Assignment -> Some lines in the entries contain the word "Dresses". Copy all of them.

::: Task input

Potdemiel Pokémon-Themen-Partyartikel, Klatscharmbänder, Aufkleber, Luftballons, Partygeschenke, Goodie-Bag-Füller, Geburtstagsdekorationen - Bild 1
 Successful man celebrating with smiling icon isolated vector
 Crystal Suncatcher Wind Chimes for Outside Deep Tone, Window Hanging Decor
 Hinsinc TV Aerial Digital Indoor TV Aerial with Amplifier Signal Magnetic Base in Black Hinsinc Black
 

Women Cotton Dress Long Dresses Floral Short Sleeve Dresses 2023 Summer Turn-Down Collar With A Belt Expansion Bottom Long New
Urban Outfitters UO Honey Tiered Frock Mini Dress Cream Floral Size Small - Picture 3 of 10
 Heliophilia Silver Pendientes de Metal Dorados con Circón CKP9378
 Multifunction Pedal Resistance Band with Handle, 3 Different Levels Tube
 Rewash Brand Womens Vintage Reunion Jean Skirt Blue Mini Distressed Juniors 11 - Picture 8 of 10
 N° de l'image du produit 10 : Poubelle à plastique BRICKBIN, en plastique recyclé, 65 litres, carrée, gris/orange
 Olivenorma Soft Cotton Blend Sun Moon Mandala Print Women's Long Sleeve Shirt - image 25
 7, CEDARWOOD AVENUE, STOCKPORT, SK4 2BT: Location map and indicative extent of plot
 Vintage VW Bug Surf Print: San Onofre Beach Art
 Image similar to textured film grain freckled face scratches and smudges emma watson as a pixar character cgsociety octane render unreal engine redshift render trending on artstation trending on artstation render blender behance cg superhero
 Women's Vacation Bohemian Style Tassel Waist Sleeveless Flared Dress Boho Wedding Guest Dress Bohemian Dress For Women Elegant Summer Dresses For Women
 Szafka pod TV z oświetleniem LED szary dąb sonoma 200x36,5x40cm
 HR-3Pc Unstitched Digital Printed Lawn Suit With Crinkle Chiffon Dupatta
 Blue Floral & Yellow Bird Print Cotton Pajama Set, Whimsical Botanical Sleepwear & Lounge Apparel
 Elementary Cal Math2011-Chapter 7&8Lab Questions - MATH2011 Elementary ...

::::::

Output for this exercise ->
Women Cotton Dress Long Dresses Floral Short Sleeve Dresses 2023 Summer Turn-Down Collar With A Belt Expansion Bottom Long New
 Women's Vacation Bohemian Style Tassel Waist Sleeveless Flared Dress Boho Wedding Guest Dress Bohemian Dress For Women Elegant Summer Dresses For Women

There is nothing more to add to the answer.